The Medicare Payment Advisory Commission (MedPAC or the Commission) has released its June 2017 report to Congress on Medicare and the healthcare delivery system. The report details a number of reform proposals, including a chapter devoted to the commission’s recommendations regarding Medicare payment for Part B drugs.
MedPAC is an independent congressional agency established by the Balanced Budget Act of 1997 to advise Congress on issues affecting the Medicare program. In its June 2017 report, MedPAC described a number of challenges facing Medicare and offered proposals and recommendations designed to address many of those challenges. With respect to Part B drugs — which include drugs and biologicals administered by infusion or injection in physician offices and hospital outpatient departments, as well as certain drugs furnished by suppliers — MedPAC noted that since 2009, Medicare’s spending on Part B drugs has grown at an average of about nine percent per year. In 2015, MedPAC notes, Medicare and its beneficiaries paid about US$26 billion for drugs and biologics covered under Part B; biologics accounted for two-thirds of that.
The report reflects MedPAC’s concerns about the overall price that Medicare pays for Part B drugs, the lack of price competition among drugs with similar health effects and the rapid growth in Part B drug spending over recent years. Medicare pays for most Part B drugs based on a covered product’s average sales price (ASP) plus six percent. According to MedPAC, the six percent add-on to ASP may create incentives for providers to choose higher-priced drugs over lower-priced drugs.

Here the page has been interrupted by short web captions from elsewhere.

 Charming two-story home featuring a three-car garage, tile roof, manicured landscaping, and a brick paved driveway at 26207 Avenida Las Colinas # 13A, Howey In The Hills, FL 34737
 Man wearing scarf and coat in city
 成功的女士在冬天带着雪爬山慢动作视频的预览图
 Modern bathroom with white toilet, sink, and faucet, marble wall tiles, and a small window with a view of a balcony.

In its report, MedPAC makes a number of recommendations to Congress intended to improve the current ASP-based reimbursement system for Part B drugs. For example, MedPAC recommends reforming the current system by implementing an inflation rebate to be triggered by price increases on drugs that outpace the rate of inflation. MedPAC also recommends that Congress gradually reduce the ASP add-on payment and consolidate reference biologic and biosimilar drugs into a single billing code.

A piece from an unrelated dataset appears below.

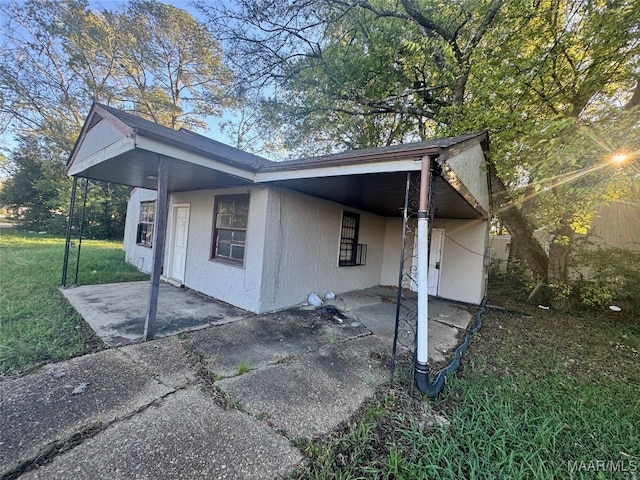 view of side of home featuring a carport and a lawn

In addition, MedPAC recommends that within the next five years, Medicare should develop a market-based program referred to as the Part B Drug Value Program (DVP). The DVP would allow providers to voluntarily enroll and would use private vendors to negotiate drug prices with manufacturers. The intent of the DVP would be to obtain lower prices for Part B drugs by permitting private vendors to use tools, such as formularies, to negotiate prices with manufacturers and by improving incentives for provider efficiency through shared savings opportunities.
The specific recommendations for Medicare’s payment for Part B drugs and biologicals, as stated in MedPAC’s report, are that Congress should take these steps.
1. Modify the ASP system in 2018 to:
- require all manufacturers of products paid under Part B to submit ASP data and impose penalties for failure to report;
- reduce wholesale acquisition cost (WAC)-based payment to WAC plus three percent;
- require manufacturers to pay Medicare a rebate when the ASP for their product exceeds an inflation benchmark and tie beneficiary cost sharing and the ASP add-on to the inflation-adjusted ASP; and
- require the Secretary to use a common billing code to pay for a reference biologic and its biosimilars.
2. No later than 2022, create and phase in a voluntary DVP that must have the following elements:
- Medicare contracts with a small number of private vendors to negotiate prices for Part B products.
- Providers purchase all DVP products at the price negotiated by their selected DVP vendor.
- Medicare pays providers the DVP-negotiated price and pays vendors an administrative fee, with opportunities for shared savings.
- Beneficiaries pay lower cost sharing.
- Medicare payments under the DVP cannot exceed 100 percent of ASP.
- Vendors use tools, including a formulary, and, for products meeting selected criteria, binding arbitration.
3. Upon implementation of the DVP or no later than 2022, reduce the ASP add-on under the ASP system.
MedPAC’s report reflects recommendations only; the proposals are advisory in nature and cannot be implemented without congressional action. It remains to be seen whether or to what extent Congress will take up MedPAC’s recommendations or other proposals relating to prescription drug pricing and reimbursement.
In the meantime, the Trump administration has signaled that it may seek to advance policy changes relating to prescription drug pricing through an executive order (EO). While the EO would not be able to change current statutes or regulations, early reports indicate that it could include provisions designed to promote value-based arrangements, encourage re-evaluation of trade agreements to seek greater intellectual property protection and competition in the global market, address regulations that are perceived as contributing to higher prices or cost-sharing for medical products and scale back the 340B drug discount program. It remains unclear whether or to what extent the final EO might include these potential policies if and when it is released. The timing for the EO remains unclear at this time as well.